Alize & Poyraz Bölüm 11

11.1K 971 25
                                    

“Tanımıyorum. Kim o?” Tanımak da istenmiyordu. Ama kadınca merak ile yüreğinin derinlerindeki kıskançlık bir olmuş ve sordurmuştu bu soruyu. Yıllar öncesinin hayran olduğu, ilk aşkım dediği erkeği başkasının kolunda görmek çok da hoş değildi. Üstelik hala içinde bir yerler kıpırdarken!


“Sizin evin hemen altındaki tatil köyünün sahiplerinin oğlu. Gerçi babası işleri oğluna bırakmak üzere diye duydum. Geçen sene yaptığı kötü bir yatırım, şirketi ciddi zarara uğratınca işlerden çekilmek istediğini, oğlunun çok daha başarılı olacağını söylediğini okumuştum, gazetelerde.” Alp bildiklerini anlatıyor ama adını hiç söylemiyordu. Sormak istese de ilgi odağı olacağını düşünüp vazgeçmişti.


“Yeni beyinler çoğu zaman daha başarılı olur ama bu tecrübeyi göz ardı etmek demek değildir. Babasından öğreneceği çok şey olmalı.” Ne kadar uzaktı hislerinde sesinin tonu. Soğukkanlılıkla iş konuşur gibiydi.

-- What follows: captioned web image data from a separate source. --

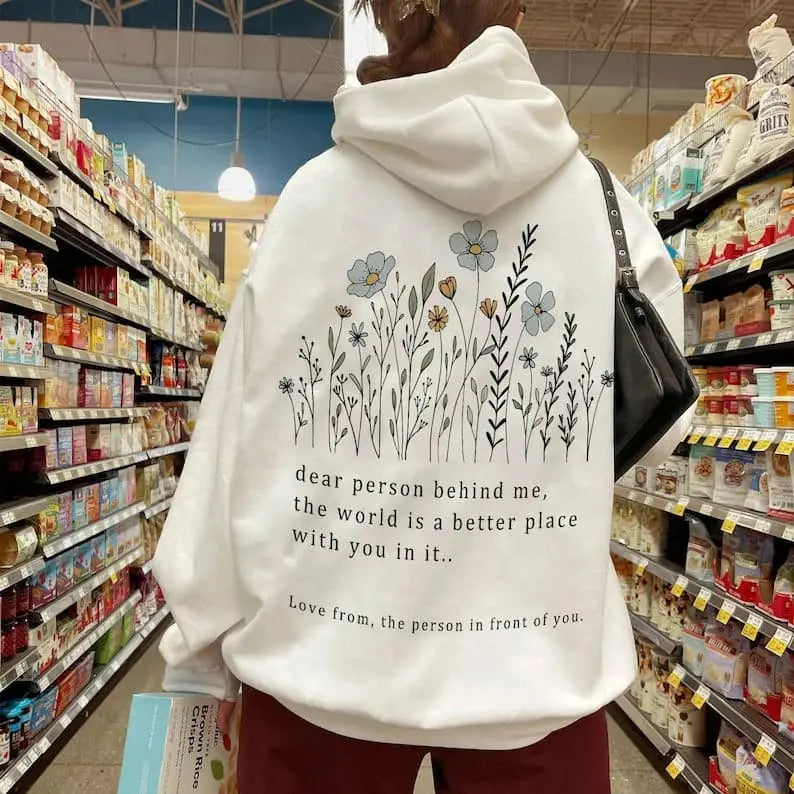 Dear Person Behind Me Hoodie-Flower bushes customifeel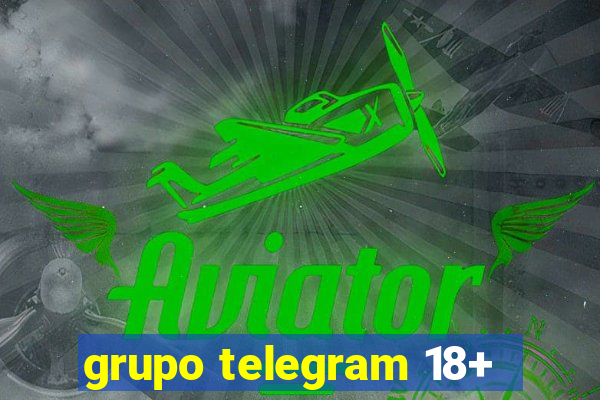grupo telegram 18+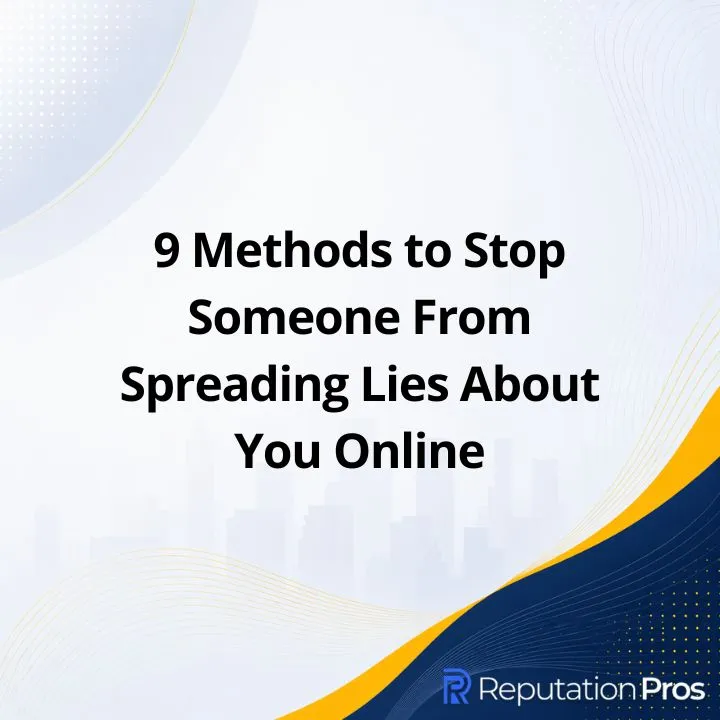 9 Methods to Stop Someone From Spreading Lies About You Online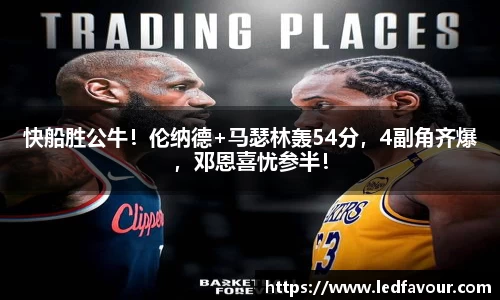 快船胜公牛！伦纳德+马瑟林轰54分，4副角齐爆，邓恩喜忧参半！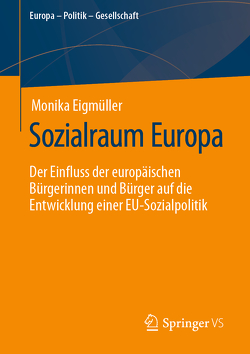 Sozialraum Europa von Eigmüller,  Monika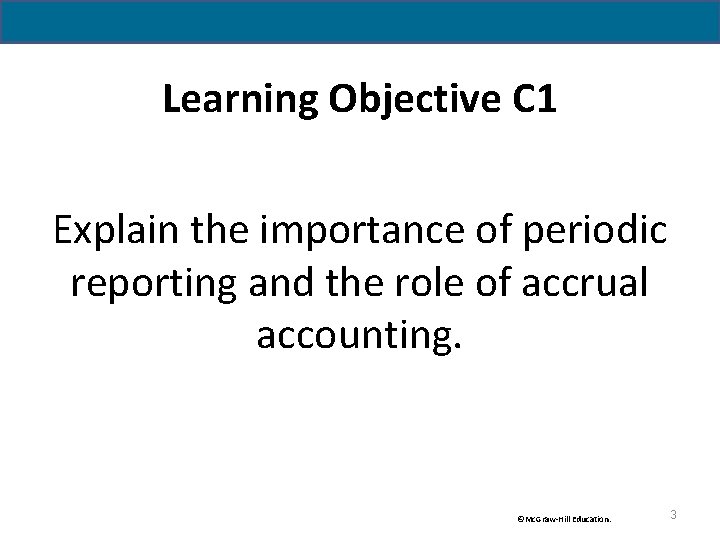 Learning Objective C 1 Explain the importance of periodic reporting and the role of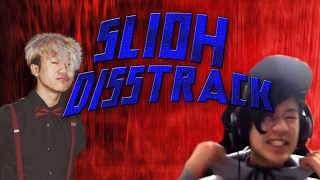 Sli0h Disstrack!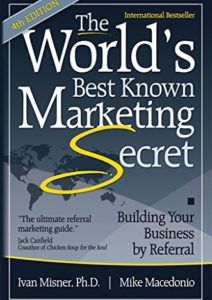 The World’s Best Known Marketing Secret: Building Your Business By Referral Cover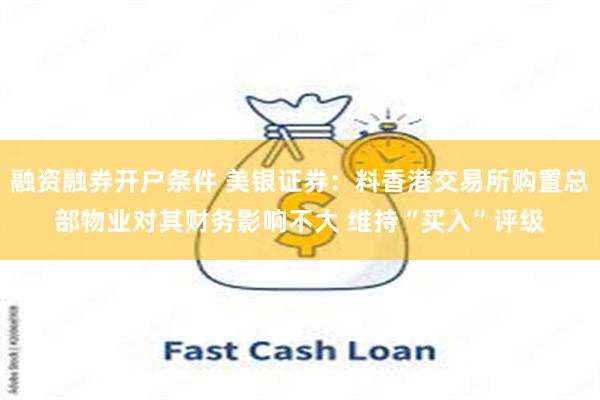 融资融券开户条件 美银证券：料香港交易所购置总部物业对其财务影响不大 维持“买入”评级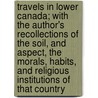 Travels In Lower Canada; With The Author's Recollections Of The Soil, And Aspect, The Morals, Habits, And Religious Institutions Of That Country door Joseph Sansom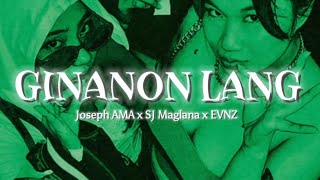 GINANON LANG. - Joseph AMA, ​⁠SJ Maglana, EVNZ (Visualizer)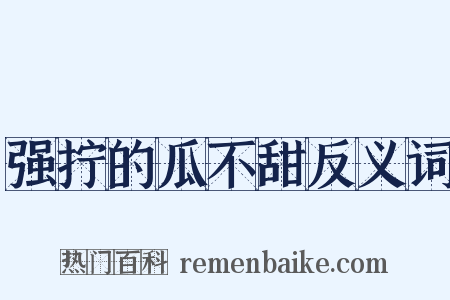 强拧的瓜不甜反义词是什么意思的图片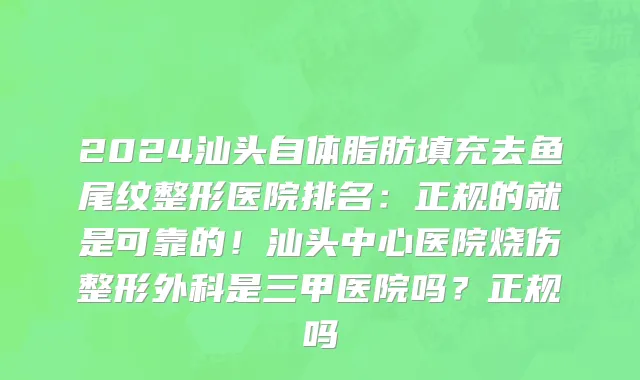 2024汕头自体脂肪填充去鱼尾纹整形医院排名:正规的就是可靠的!汕头中心医院烧伤整形外科是三甲医院吗?正规吗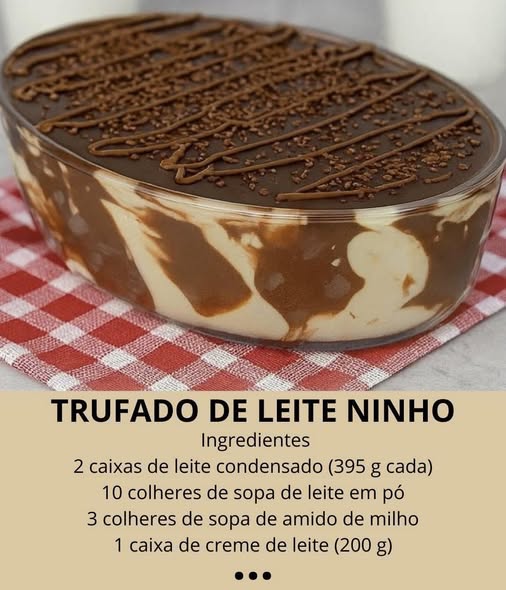 Trufado de Leite Ninho: saiba como fazer essa sobremesa maravilhosa de maneira prática!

“Haklısın elbette ama ailede duyduğum kadarıyla başka bir problem daha var. Ama bu duyduklarım tamamen asparagas olabilir. Aaa dur bakayım. Sizin dergi magazin köşesi falan yapıyor mu?” Alp, sesindeki eğlenen tonla sormuştu bu soruyu. Sanki bilmiyormuş gibi!


“Saçmalama, ekonomi dergisinde magazin ne arar.” Alize de gri gözlüsünü gördüğünden beri ilk kez yumuşak bir sesle hatta gülümseyerek yanıt verdi.


“Tamam, o zaman. Bak bu söyleyeceklerim tamamen gizli. Gerçi ben bile duyduysam nasıl gizli oluyor anlamış da değilim.” Gerçek bir merak yoktu sesinde…


“Ay çatlatma Alp. Söyle hadi!”


“Büyükbabaları uzun yıllar önce öldü. Kalp krizi dendi ama intihar olduğu sanılıyor.” Alize bunları duyunca bir anda ciddileşti.


“Nasıl sanılıyor?”


“Baki Bey, yani amcası, geçen sene intihara teşebbüs etti.” Bu da ikinci şok olmuştu. Ne demek intihar etmek? Bu kadar varlıklı bir ailenin üyeleri nasıl oluyor da sorunlarına çözüm bulamıyorlardı? Yıllar önce okuduğu ve hiç unutmadığı bir sözü anımsadı ‘ Fakirler, zenginleri dertsiz sanır!’ demek ki bu söz doğruymuş. Kendisi bile bir an o insanların dertlerinin olamayacağını düşündüğüne göre! Yine de aklı pek yatmamıştı. “İyi de nasıl baba ile oğlu bağdaştırdın?”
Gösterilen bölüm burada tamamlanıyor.